Seriously, what's wrong with me?

But I wasn't that scared at home. Of course I had all the lights on.

Well...

That night was the weirdest night of my life. I could not turn off the lights -- don't even think about it!

So I tried to sleep with them on. But that didn't work. Then my dad came to turn off my lights, and I started crying again. Way to be brave, Benni.

I buried my face in my pillow (because that always makes things better), and made my dad turn the lights back on. He turned on half of them and let me keep my TV on.

He was walking out of my room, and I said, "Dad. I can't sleep with that in my room." And I pointed to my Justin Bieber cardboard cut-out.

I know, pathetic!

So my dad offered to take it out to the hallway.

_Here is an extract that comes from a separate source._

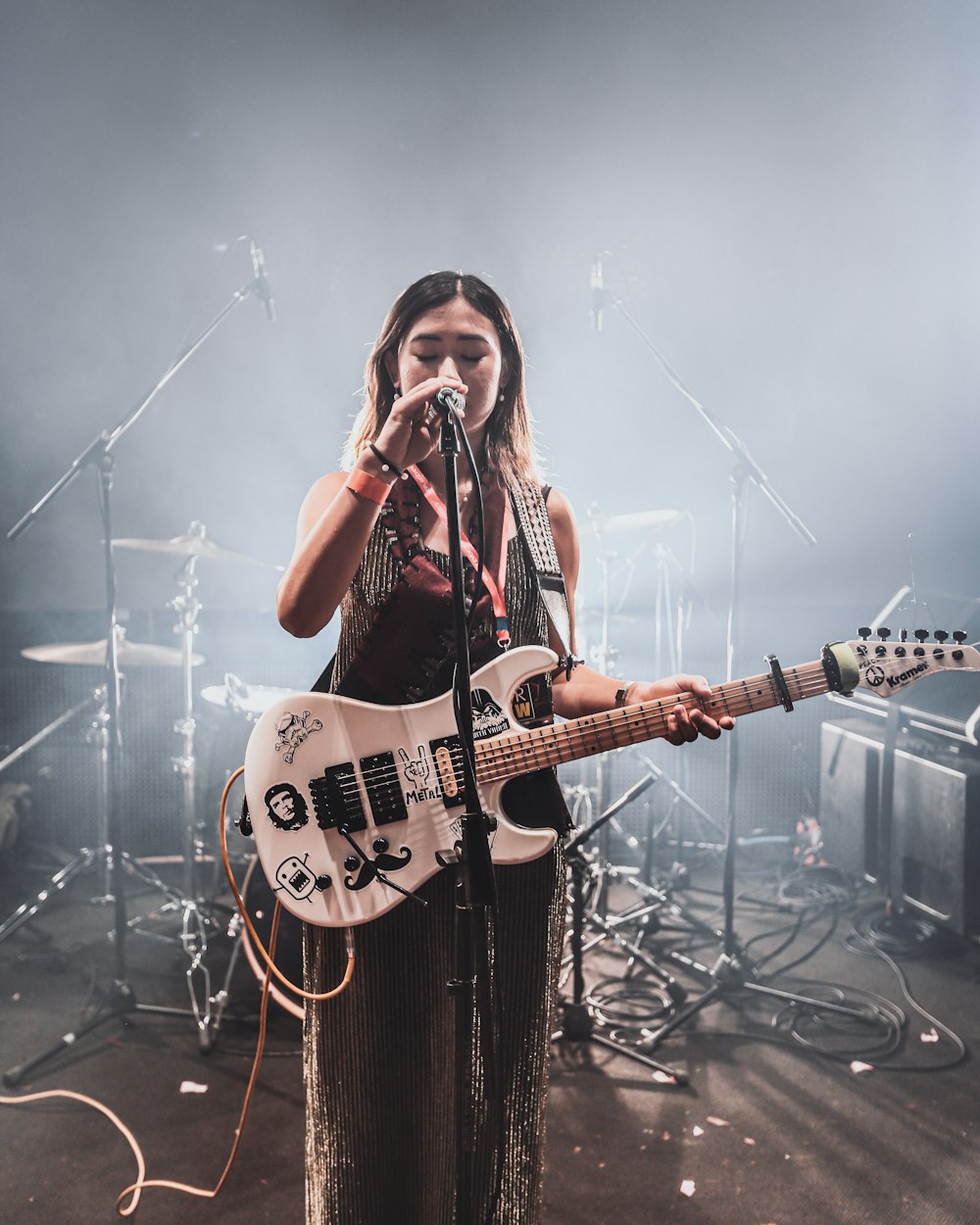 Femme en chemise à carreaux blanche et noire jouant de la guitare électrique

But duh, Dad. If you put it out in the hallway, it's just gonna end up back here in the morning! Were you not there during the movie? Ghosts move things.

So he took it to the garage and locked the door.

Problem solved.

It's been a couple of days since my Paranormal 1, 2 and 3 experience, and I wish I could say that things are dandy now.

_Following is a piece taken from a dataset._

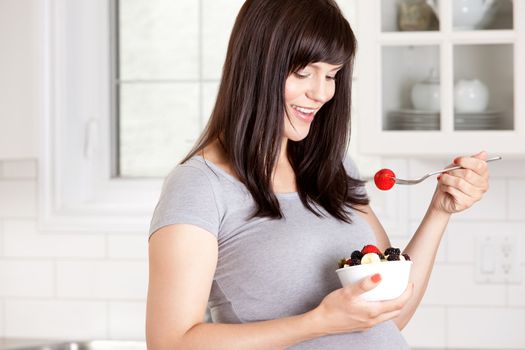 Happy pregnant woman eating healthy bowl of fresh fruit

But that's not quite true.

I still wash my face one eye at a time so I can watch the mirror and make sure nothing's behind me.

I still play music 100 percent of the time in my room so I can't hear any strange noises.

And I still sleep with the TV on. (Don't worry, now there's a timer that turns it off after a certain amount of time. Save electricity!)

Worst of all is that I've been having nightmares, too.

But I have to say that, in a way, I'm glad I went to see the movie in the theatre.

Not because it was really great and it blew my mind, or whatever. I mean, it was a good movie and it got into my head, which is exactly what the filmmakers were trying to do.

But looking back on the whole situation, I'm glad that I did it, and that I stayed through the whole thing (even if I was in the aisle for part of it).

And I have my brother, Sloan, to thank for that a little.

I mean, I don't think that he had any idea what kind of challenge he was putting me through. But just the fact that he was totally unfazed by the whole experience and he was actually enjoying it somehow made me persevere and stick with it, more than I would have without him there.

Now, I know it was just a movie. But I also know that, when you challenge yourself in the little things -- and succeed -- you are actually building muscles you'll need later on in life when the really big, really important challenges come along.

All of which means that, even though watching the movie in the theatre may not seem like that big a deal, in the long run, it's probably gonna be one of the reasons why I do things even when I'm nervous or not sure of the outcome.

And when you put it that way, the movie takes on a little more significance.

But back to today.

Today, I am happy to report that I think I've found a solution to my nighttime freak-outs. For the last few nights, our biggest dog, Rosco, has been sleeping in my room. And guess what? No nightmares, even with all the lights off! I mean, if there was something in my room -- according to Paranormal Activity 2 -- my dog would warn me. So I feel better now.

The weirdest thing is that I can't wait for Paranormal Activity 4.

And I just might watch it from the aisle --unapologetically!